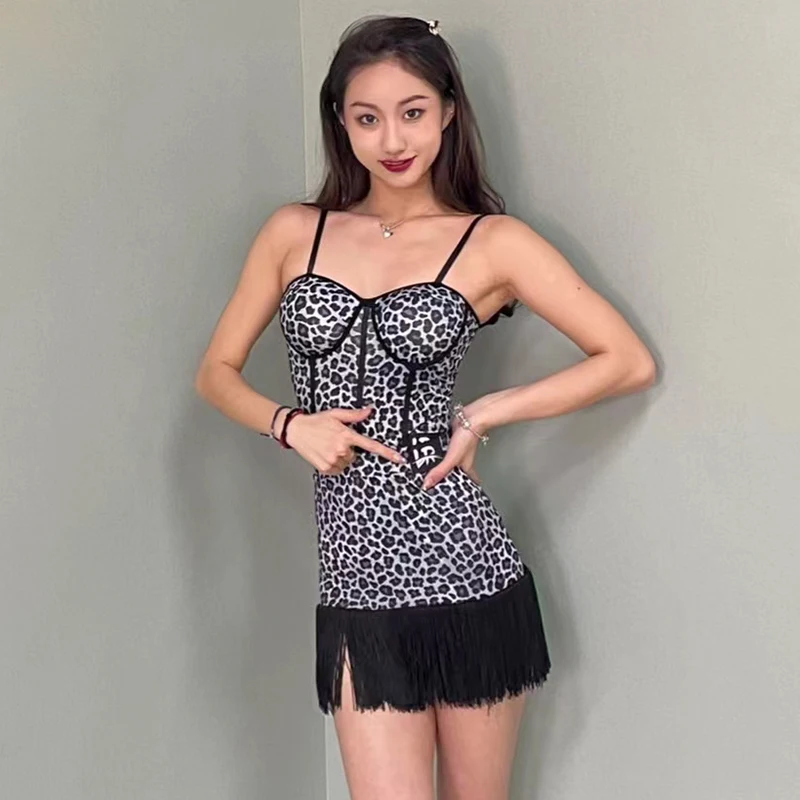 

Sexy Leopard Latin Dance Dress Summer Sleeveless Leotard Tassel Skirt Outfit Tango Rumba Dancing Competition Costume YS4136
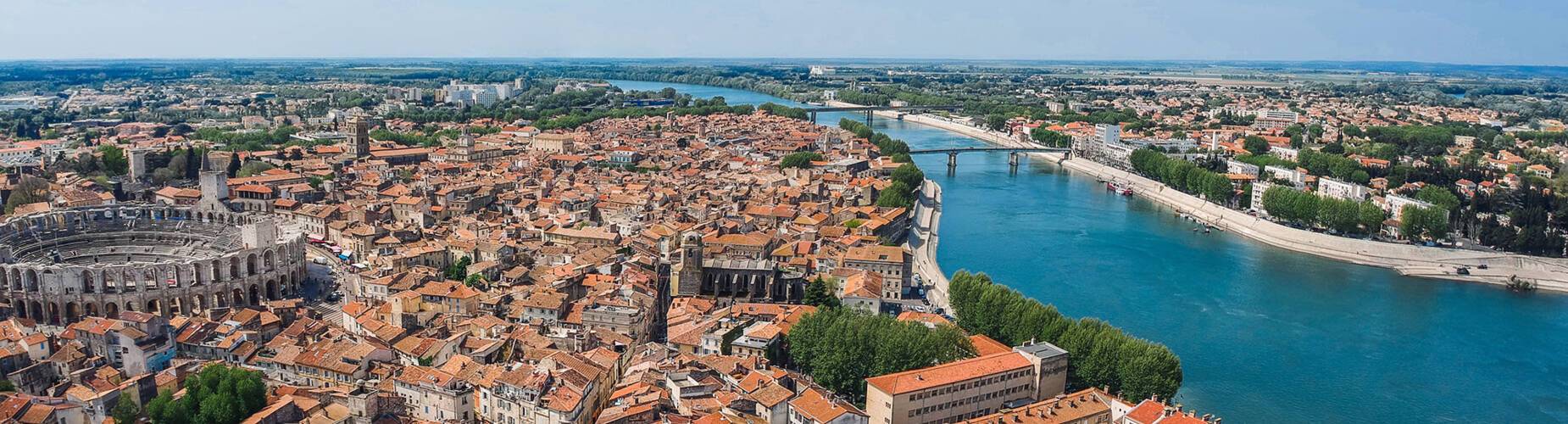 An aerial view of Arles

==

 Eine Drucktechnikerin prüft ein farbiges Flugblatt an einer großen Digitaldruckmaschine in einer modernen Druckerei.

Instructions for the task: Look above and copy only the lines from the one holding "Sexy Leopard Latin" to the one holding "An aerial view of Arles", both included, exactly, minus the pictures.

The completed task:
Sexy Leopard Latin Dance Dress Summer Sleeveless Leotard Tassel Skirt Outfit Tango Rumba Dancing Competition Costume YS4136
 An aerial view of Arles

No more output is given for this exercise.